Now, the old Soviet Union is gone, replaced by a smaller but no less militaristic Russia. The human population has ballooned to 8.1 billion. The internet is a fixture in daily life. We also have a new, more powerful space telescope, the JWST.

But the Hubble keeps delivering, as this latest image shows.

The lenticular galaxy NGC 4753 is about 60 million light-years away. Lenticular galaxies are midway between elliptical and spiral galaxies. They have large-scale disks but only poorly defined spiral arms. NGC 4753 sees very little star formation because like other lenticulars, it’s used up most of its gas. The fact that they contain mostly older stars makes them similar to elliptical galaxies.

Among lenticulars, NGC 4753 is known for the dust lanes surrounding its nucleus. Astronomers think that spirals evolve into lenticulars in dense environments because they interact with other galaxies and with the intergalactic medium. However, NGC 4753 is in a low-density environment. Its environment and complex structure make it a target for astronomers to test their theories of galaxy formation and evolution.

This Hubble image is the sharpest ever taken of NGC 4753, revealing its intriguing complexity and highlighting the space telescope’s impressive resolving power.
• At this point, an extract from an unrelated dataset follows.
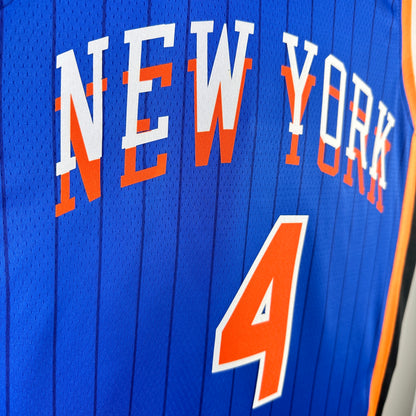 Knicks city versão nº 4 Rose na 24ª temporada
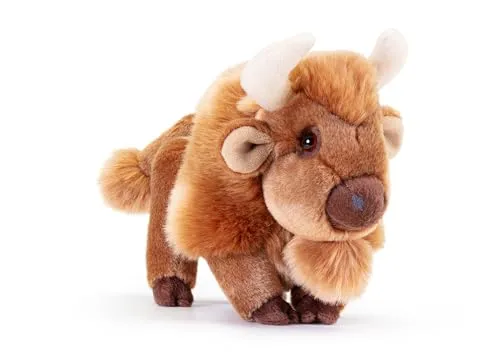 Trudi Bison Rocky 69472 peluche S 23 cm ferme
Astronomers think that NGC 4753 is the result of a merger with a dwarf galaxy over one billion years ago. The dwarf galaxy was gas-rich, and NGC 4753's distinct dust rings probably accreted from the merger. NGC 4753's powerful gravity then shaped the gas into the complex shapes we see in this image. Image Credit: ESA/Hubble & NASA, L. Kelsey
Astronomers think that NGC 4753 is the result of a merger with a dwarf galaxy over one billion years ago. The dwarf galaxy was gas-rich, and NGC 4753’s distinct dust rings probably accreted from the merger. NGC 4753’s powerful gravity then shaped the gas into the complex shapes we see in this image. Image Credit: ESA/Hubble & NASA, L. Kelsey

NGC 4763’s unique structure results from a merger with a dwarf galaxy about 1.3 billion years ago. The video below from NOIRlab explains what happened.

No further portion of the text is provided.